Stored items
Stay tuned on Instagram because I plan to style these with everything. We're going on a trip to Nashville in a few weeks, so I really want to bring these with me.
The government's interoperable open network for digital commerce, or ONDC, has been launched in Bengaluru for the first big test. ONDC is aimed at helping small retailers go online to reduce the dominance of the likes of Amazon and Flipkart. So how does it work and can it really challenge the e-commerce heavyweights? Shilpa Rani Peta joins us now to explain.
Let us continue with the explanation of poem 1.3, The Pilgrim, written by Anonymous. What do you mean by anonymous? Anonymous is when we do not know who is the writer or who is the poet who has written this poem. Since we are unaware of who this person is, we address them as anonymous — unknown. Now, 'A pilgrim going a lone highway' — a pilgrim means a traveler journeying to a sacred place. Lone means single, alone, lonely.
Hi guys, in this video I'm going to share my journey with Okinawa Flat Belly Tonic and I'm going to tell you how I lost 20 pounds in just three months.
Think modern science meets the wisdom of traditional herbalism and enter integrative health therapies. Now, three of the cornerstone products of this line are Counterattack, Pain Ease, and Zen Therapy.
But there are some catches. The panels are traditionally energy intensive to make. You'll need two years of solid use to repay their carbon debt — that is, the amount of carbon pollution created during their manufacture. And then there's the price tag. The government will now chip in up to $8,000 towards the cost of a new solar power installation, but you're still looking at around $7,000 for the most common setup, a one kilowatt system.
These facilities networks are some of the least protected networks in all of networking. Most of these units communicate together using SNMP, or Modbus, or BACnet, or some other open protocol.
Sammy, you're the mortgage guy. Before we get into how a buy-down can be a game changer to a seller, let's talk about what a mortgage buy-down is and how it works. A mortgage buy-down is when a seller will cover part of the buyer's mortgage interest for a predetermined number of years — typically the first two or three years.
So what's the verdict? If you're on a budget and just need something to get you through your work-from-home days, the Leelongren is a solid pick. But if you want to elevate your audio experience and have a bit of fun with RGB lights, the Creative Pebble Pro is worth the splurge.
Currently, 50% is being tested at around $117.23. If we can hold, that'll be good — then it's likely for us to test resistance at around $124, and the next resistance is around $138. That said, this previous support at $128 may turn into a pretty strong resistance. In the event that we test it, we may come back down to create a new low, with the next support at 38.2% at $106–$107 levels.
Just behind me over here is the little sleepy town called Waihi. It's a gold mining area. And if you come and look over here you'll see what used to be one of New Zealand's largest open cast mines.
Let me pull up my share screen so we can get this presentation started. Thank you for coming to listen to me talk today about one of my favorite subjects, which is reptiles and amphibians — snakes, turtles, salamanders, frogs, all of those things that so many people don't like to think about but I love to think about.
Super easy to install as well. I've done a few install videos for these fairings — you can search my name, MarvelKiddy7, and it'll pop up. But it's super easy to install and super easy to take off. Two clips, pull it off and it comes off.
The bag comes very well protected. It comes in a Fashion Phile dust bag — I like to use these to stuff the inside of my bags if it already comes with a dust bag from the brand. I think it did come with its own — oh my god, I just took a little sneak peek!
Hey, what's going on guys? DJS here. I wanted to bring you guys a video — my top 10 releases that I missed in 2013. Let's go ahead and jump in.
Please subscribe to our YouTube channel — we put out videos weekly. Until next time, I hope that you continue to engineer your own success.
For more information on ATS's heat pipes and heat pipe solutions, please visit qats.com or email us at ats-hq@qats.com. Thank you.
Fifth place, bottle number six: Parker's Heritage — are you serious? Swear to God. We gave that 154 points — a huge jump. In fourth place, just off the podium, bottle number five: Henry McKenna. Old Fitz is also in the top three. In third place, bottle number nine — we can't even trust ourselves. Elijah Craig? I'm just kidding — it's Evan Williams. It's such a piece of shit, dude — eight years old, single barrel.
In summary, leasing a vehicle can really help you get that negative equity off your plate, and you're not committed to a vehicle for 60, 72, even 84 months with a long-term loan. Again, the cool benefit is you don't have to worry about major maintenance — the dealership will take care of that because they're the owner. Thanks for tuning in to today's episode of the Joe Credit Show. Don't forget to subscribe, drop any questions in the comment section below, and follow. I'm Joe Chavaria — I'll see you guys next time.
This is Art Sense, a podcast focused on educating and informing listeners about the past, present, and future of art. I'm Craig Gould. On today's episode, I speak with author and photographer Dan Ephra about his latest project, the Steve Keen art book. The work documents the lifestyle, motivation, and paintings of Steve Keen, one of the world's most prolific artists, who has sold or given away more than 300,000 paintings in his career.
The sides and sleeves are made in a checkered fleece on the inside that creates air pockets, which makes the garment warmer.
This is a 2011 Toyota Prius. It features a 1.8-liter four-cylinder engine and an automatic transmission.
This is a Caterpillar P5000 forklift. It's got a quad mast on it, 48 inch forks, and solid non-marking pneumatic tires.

■ Task description
Search the entries for "share" and copy out each line that has it.

■ Solution to this problem
Hi guys, in this video I'm going to share my journey with Okinawa Flat Belly Tonic and I'm going to tell you how I lost 20 pounds in just three months.
Let me pull up my share screen so we can get this presentation started. Thank you for coming to listen to me talk today about one of my favorite subjects, which is reptiles and amphibians — snakes, turtles, salamanders, frogs, all of those things that so many people don't like to think about but I love to think about.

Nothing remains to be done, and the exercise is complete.